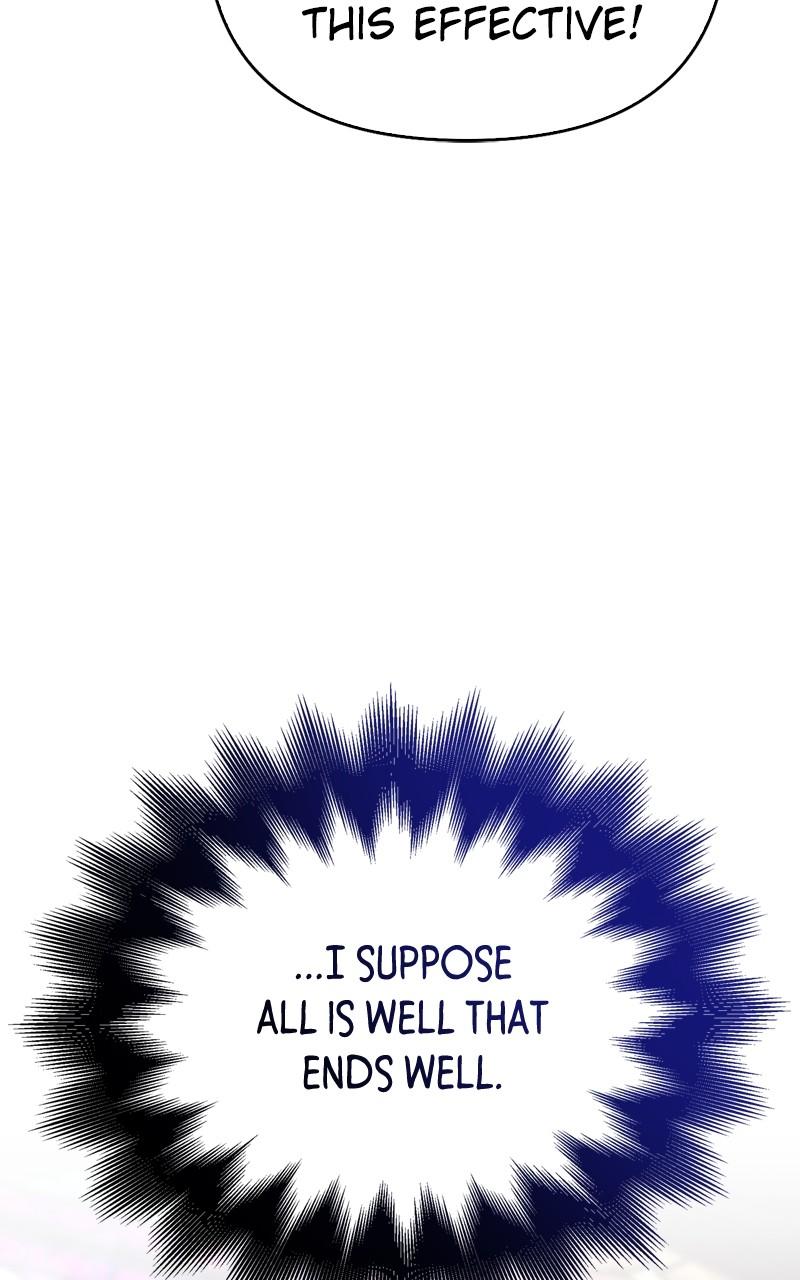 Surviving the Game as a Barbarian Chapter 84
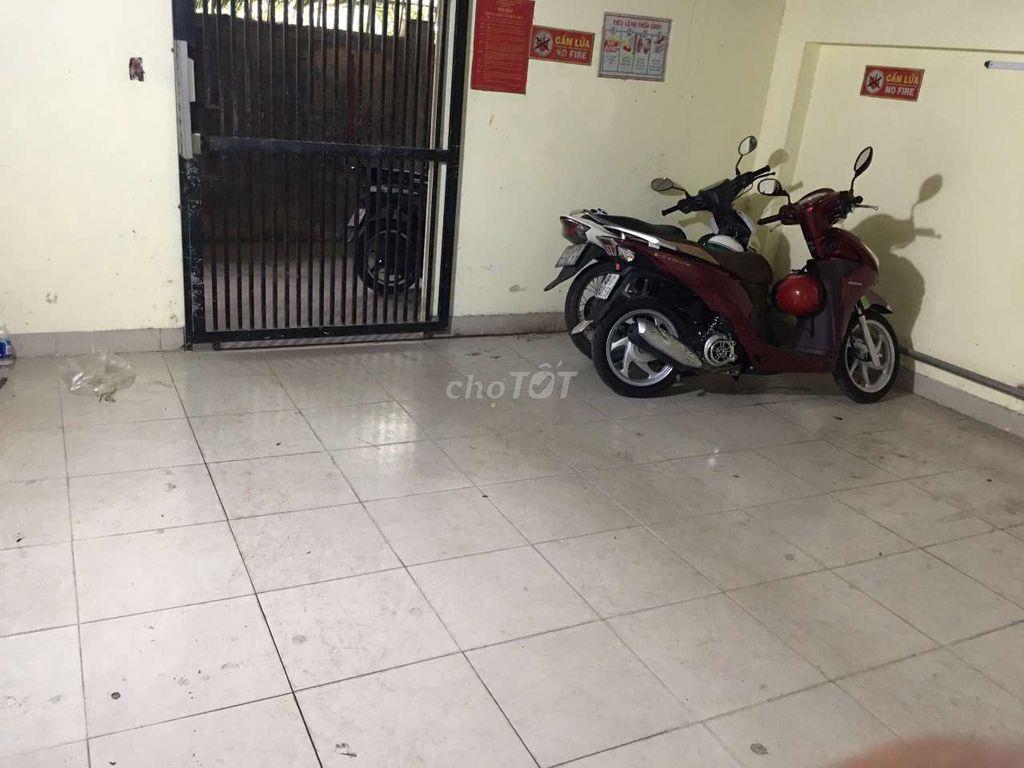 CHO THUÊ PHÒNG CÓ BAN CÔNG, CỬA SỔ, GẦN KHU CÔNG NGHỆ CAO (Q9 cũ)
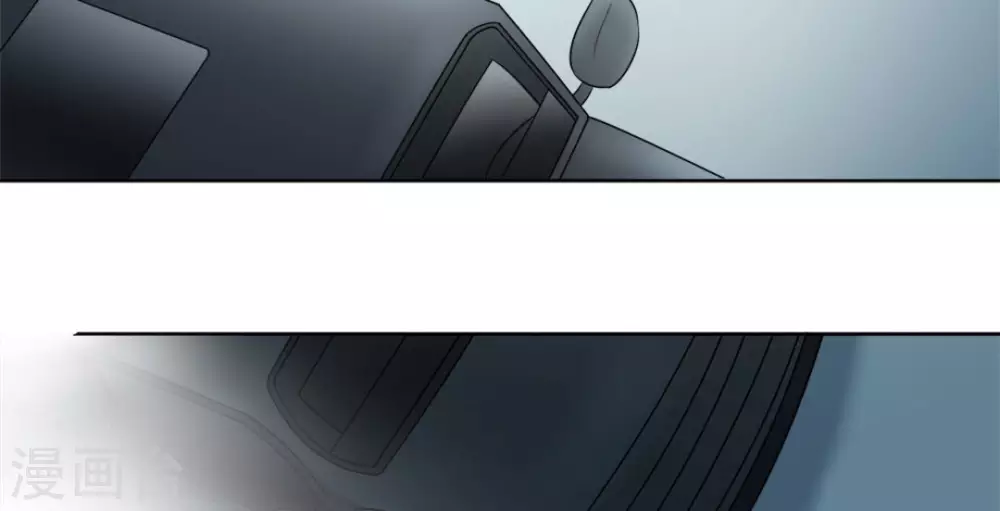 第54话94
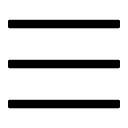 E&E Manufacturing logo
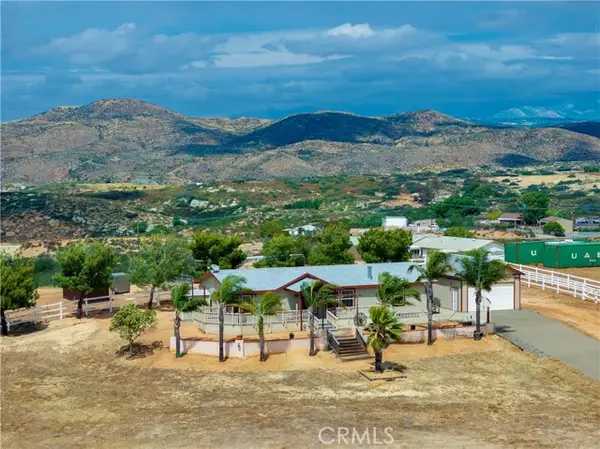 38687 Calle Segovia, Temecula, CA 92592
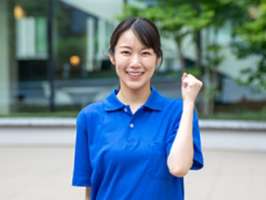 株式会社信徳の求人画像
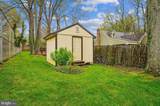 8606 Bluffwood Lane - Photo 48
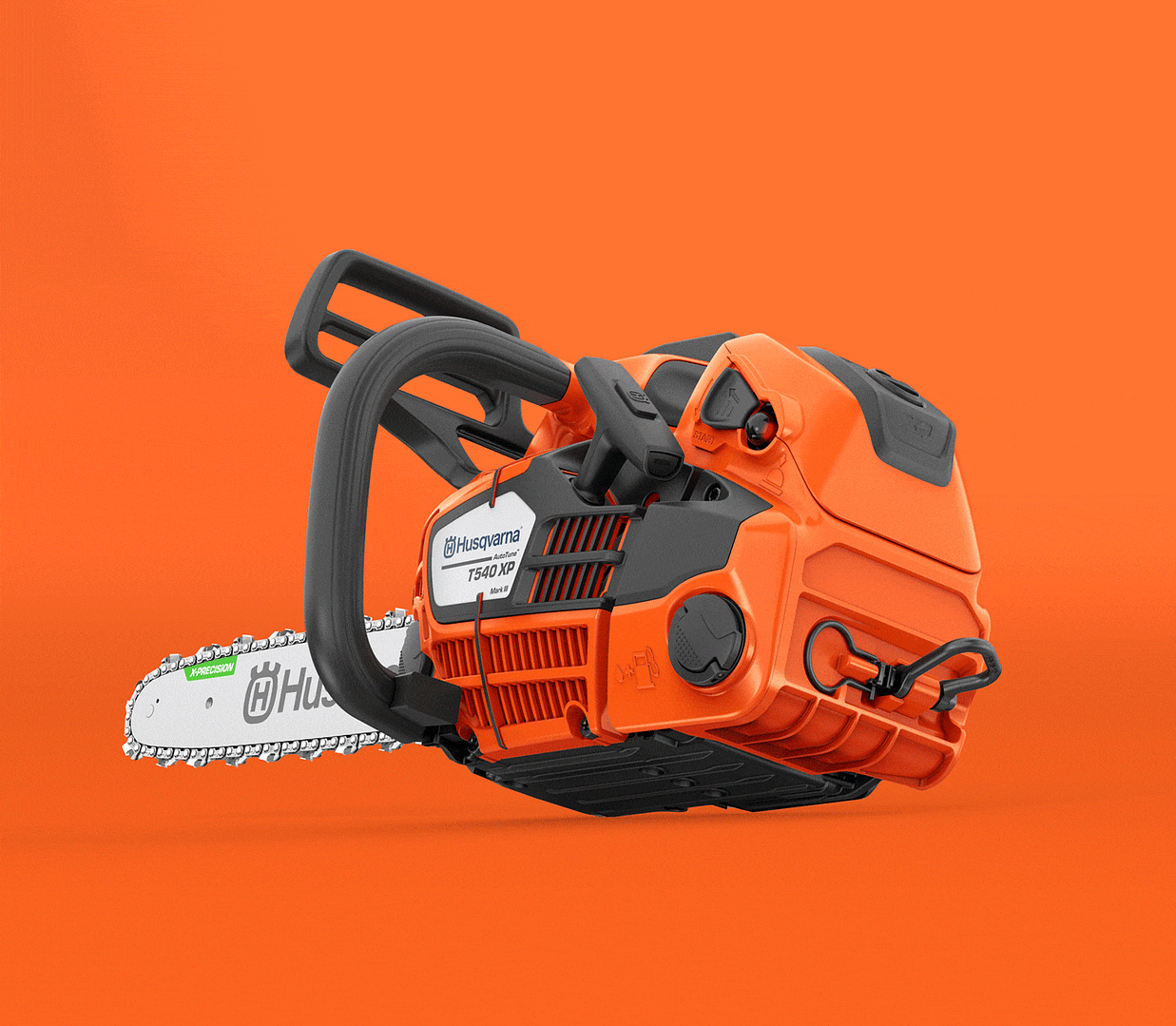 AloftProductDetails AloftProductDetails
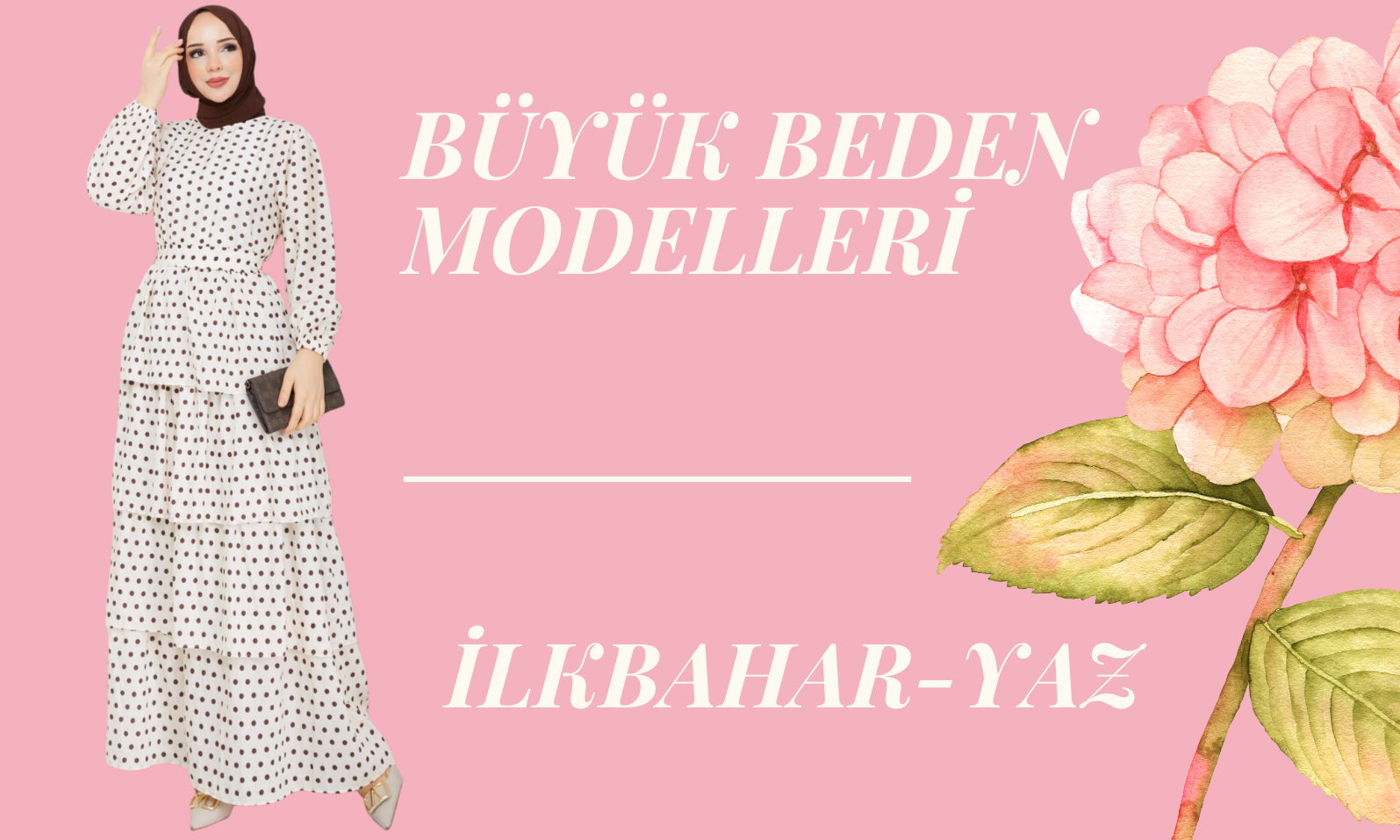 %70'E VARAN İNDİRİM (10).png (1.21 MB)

-*-

What to work on: Leave out the pictures and output every record above precisely as given.

Expected output:
 Surviving the Game as a Barbarian Chapter 84
 CHO THUÊ PHÒNG CÓ BAN CÔNG, CỬA SỔ, GẦN KHU CÔNG NGHỆ CAO (Q9 cũ)
 第54话94
 E&E Manufacturing logo
 38687 Calle Segovia, Temecula, CA 92592
 株式会社信徳の求人画像
 8606 Bluffwood Lane - Photo 48
 AloftProductDetails AloftProductDetails
 %70'E VARAN İNDİRİM (10).png (1.21 MB)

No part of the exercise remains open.